Pierre-Emmanuel Denys

Disappear here

Topaz

Il n’y a pas de meilleur compliment à faire à Ryu Murakami que de dire de lui qu’il est l’écrivain de l’adolescence. Non pas celle, mièvre et morne, de ces enfants bien élevés qui continueront à briller dans le respect d’autrui et l’abnégation devant la machine hideuse de leur vie, mais celle qui ne peut s’empêcher d’être excentrée. Bizarre, à côté de la plaque, dangereuse aussi, cette adolescence que Murakami continue de suivre jusque dans la vie de ces adultes qui parfois se sont élevés socialement (les Monologues) parfois se sont abîmés dans la déchéance (Bleu presque transparent) ou sont retournés à leur état de larve (Parasites).

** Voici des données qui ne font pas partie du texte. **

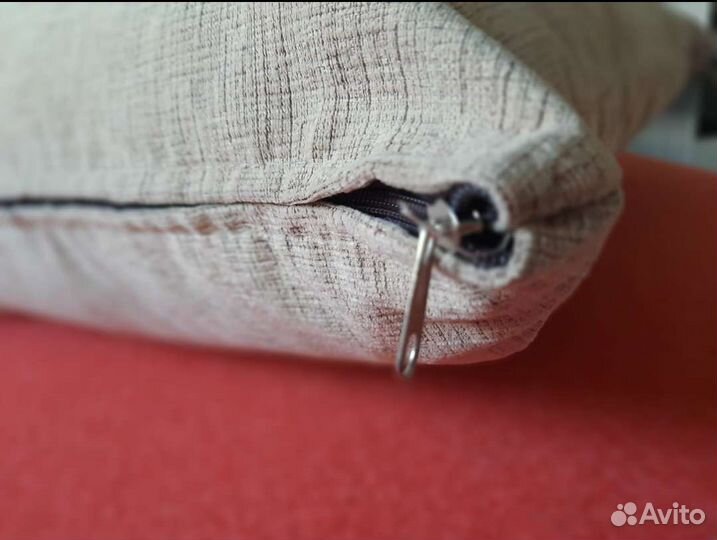 Подушка на диван новая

L’humanisme dont Murakami se réclame se situe exactement là : dans la considération de ces existences décentrées, qui le restent. Même dans la banalité des existences de Parasites se niche encore cette part cachée, maudite, que Murakami se plaît à révéler. Topaz ne fait pas exception et retrouve dans la psyché d’une call girl le mélange interdit du plaisir le plus sensuel qui soit avec le romantisme d’une jeune femme ignorante des choses du sexe — quand bien même elle raconte avec humour sa sodomie par un nain à la bite large. Love & Pop se chargera de raconter les origines de ces existences qui finiront dans Tokyo Decadence et dont Topaz a été la source d’inspiration.